Skip to main content

Real-Time ROCm GPU Monitoring with Web Dashboard

A lightweight Go-based tool for monitoring AMD GPUs with ROCm, featuring a web dashboard, REST API, and Prometheus metrics.

S

SmartTechLabs

SmartTechLabs - Intelligent Solutions for IoT, Edge Computing & AI

2 min read
Real-Time ROCm GPU Monitoring with Web Dashboard

The Problem

When running AI workloads on AMD GPUs with ROCm, visibility into GPU performance is essential.

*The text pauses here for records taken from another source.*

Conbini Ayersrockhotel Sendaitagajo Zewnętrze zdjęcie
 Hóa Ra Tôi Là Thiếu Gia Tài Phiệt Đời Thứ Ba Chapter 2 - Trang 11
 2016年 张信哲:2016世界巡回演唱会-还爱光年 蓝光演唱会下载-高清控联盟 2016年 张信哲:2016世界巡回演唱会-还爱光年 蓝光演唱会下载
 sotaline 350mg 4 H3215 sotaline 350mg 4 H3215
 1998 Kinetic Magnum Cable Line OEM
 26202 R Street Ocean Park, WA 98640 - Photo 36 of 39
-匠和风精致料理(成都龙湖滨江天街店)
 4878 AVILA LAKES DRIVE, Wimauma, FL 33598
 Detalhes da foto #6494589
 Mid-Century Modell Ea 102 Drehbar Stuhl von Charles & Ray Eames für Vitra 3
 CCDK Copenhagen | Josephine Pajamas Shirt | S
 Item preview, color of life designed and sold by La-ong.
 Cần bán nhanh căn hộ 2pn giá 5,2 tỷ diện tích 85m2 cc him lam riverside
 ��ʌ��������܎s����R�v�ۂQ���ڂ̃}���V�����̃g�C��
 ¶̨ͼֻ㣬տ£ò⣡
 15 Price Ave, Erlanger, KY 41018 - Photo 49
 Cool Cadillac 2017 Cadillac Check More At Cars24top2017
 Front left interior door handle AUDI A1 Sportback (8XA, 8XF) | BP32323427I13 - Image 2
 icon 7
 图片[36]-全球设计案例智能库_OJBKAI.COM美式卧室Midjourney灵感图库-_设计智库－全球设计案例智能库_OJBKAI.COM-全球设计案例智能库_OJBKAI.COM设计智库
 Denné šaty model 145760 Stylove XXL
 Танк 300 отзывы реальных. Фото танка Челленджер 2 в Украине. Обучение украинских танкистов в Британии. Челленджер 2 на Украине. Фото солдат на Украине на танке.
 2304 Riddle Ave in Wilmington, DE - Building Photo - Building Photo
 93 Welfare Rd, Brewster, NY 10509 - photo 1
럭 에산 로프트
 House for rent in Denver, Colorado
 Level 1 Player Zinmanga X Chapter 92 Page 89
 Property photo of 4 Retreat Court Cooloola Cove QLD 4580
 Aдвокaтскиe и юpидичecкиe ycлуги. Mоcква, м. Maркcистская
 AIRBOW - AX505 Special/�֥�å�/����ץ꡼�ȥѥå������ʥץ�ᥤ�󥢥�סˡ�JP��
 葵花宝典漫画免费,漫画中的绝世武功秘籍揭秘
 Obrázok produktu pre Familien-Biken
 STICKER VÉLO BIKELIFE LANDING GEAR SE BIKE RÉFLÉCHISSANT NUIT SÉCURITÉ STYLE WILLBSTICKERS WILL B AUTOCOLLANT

While rocm-smi provides command-line access to GPU metrics, we needed something more:

  • Real-time monitoring without constant terminal polling
  • Integration with existing observability stacks
  • A clean web interface for quick status checks

Introducing rocm_info

We built strix-halo-rocm_info, a lightweight monitoring tool written in Go that exposes ROCm GPU metrics through multiple interfaces.

Architecture

┌─────────────────┐     ┌──────────────────┐
│   rocm-smi      │────▶│   rocm_info      │
│   (ROCm CLI)    │     │   (Go Service)   │
└─────────────────┘     └────────┬─────────┘
                                 │
                    ┌────────────┼────────────┐
                    ▼            ▼            ▼
              ┌─────────┐  ┌─────────┐  ┌─────────┐
              │   Web   │  │  REST   │  │Prometheus│
              │Dashboard│  │   API   │  │ Metrics  │
              └─────────┘  └─────────┘  └─────────┘

Features

FeatureDescription
Web DashboardReal-time GPU status visualization
REST APIJSON endpoints for programmatic access
Prometheus Metrics/metrics endpoint for Grafana integration
LightweightSingle Go binary, minimal resource footprint
Strix Halo SupportTested on Ryzen AI Max 395 (gfx1151)

Metrics Exposed

The tool captures key GPU metrics:

MetricDescription
TemperatureGPU core temperature
UtilizationGPU compute usage percentage
MemoryVRAM usage and availability
PowerCurrent power draw
Clock SpeedsGPU and memory frequencies

Quick Start

1
2
3
4
git clone https://github.com/smarttechlabs-projects/strix-halo-rocm_info.git
cd strix-halo-rocm_info
go build -o rocm_info
./rocm_info

Access the dashboard at http://localhost:8080 and Prometheus metrics at http://localhost:8080/metrics.


Prometheus Integration

Add to your prometheus.yml:

1
2
3
4
scrape_configs:
  - job_name: 'rocm_gpu'
    static_configs:
      - targets: ['localhost:8080']

Then create Grafana dashboards to visualize GPU performance alongside your other infrastructure metrics.


Use Cases

  • AI/ML Workloads: Monitor GPU utilization during training and inference
  • Capacity Planning: Track memory usage patterns over time
  • Alerting: Set up Prometheus alerts for temperature or utilization thresholds
  • Multi-GPU Systems: Monitor all GPUs from a single dashboard

Get the Code

Repository: smarttechlabs-projects/strix-halo-rocm_info

Contributions welcome—whether it’s additional metrics, UI improvements, or documentation.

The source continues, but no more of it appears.